YOUR GOAL
Copy out, from the data below, each line in which the word "Xiaomi" occurs.

DATA TO USE

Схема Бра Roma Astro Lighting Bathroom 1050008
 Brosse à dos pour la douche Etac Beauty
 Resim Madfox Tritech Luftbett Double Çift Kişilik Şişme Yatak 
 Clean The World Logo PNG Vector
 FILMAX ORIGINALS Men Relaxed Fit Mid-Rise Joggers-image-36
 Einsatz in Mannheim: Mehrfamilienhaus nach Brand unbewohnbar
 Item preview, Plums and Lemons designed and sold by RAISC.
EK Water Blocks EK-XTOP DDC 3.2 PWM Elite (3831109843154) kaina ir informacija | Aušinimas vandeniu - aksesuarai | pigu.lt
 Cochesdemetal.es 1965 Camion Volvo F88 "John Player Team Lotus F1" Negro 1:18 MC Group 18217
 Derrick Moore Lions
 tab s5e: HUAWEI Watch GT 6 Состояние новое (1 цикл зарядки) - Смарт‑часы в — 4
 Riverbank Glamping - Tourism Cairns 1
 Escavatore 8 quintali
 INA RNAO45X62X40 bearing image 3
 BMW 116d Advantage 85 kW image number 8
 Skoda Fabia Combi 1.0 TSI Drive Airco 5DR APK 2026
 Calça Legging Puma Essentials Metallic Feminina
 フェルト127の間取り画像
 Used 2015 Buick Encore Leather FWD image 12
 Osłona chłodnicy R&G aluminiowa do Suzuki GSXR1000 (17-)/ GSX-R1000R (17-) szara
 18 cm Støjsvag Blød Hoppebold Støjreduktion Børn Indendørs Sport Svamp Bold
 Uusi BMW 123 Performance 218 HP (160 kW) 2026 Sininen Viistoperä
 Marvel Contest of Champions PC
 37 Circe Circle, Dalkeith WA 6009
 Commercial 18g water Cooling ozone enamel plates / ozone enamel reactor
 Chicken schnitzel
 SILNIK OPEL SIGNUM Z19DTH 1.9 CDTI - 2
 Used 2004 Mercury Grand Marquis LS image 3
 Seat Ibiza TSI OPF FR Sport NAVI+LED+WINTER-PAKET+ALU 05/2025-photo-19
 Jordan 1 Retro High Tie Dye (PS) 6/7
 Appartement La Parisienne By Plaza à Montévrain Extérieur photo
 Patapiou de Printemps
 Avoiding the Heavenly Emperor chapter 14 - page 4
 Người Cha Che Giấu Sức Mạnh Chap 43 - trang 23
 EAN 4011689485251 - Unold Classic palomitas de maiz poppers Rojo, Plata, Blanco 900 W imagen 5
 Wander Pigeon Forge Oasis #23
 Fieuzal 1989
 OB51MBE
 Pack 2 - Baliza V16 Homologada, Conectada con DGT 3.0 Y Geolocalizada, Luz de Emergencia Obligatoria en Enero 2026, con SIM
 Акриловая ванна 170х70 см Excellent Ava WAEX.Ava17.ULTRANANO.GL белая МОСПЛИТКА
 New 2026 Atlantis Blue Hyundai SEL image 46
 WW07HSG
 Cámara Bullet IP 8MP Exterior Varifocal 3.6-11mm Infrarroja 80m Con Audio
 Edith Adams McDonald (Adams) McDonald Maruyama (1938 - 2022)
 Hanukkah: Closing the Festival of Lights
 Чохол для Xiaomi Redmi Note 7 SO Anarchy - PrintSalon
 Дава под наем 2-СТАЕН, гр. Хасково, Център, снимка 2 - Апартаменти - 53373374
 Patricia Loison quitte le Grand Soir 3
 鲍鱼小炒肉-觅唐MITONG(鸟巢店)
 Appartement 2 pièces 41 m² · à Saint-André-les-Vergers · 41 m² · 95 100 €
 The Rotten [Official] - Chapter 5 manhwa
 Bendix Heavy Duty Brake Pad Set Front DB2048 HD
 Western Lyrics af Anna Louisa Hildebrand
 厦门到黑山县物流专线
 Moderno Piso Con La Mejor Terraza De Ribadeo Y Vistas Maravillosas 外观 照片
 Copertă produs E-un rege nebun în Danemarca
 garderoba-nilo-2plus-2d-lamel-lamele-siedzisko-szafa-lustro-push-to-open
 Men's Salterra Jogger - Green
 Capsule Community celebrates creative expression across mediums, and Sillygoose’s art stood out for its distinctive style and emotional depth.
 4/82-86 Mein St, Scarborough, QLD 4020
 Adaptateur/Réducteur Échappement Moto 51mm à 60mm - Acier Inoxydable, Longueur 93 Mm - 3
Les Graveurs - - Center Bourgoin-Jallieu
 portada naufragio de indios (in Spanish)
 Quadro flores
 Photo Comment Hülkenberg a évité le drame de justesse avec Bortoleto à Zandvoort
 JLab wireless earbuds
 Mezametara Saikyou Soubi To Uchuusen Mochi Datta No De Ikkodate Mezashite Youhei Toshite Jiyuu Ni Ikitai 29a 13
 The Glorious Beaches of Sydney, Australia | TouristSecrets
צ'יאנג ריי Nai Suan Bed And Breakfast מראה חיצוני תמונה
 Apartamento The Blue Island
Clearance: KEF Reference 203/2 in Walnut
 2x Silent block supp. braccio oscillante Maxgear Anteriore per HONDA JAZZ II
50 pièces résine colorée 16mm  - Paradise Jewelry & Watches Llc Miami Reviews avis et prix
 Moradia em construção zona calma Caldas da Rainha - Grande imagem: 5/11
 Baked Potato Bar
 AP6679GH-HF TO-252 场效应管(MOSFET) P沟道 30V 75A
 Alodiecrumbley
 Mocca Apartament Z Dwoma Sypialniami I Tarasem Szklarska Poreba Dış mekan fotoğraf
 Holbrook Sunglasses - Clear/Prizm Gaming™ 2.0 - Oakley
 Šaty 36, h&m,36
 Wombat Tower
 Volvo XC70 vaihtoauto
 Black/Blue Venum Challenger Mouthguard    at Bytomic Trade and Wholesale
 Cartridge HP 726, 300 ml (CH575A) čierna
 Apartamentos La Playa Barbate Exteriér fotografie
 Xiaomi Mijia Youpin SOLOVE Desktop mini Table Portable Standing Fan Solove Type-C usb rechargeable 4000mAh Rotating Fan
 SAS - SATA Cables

ANSWER FOR THE TASK
 Чохол для Xiaomi Redmi Note 7 SO Anarchy - PrintSalon
 Xiaomi Mijia Youpin SOLOVE Desktop mini Table Portable Standing Fan Solove Type-C usb rechargeable 4000mAh Rotating Fan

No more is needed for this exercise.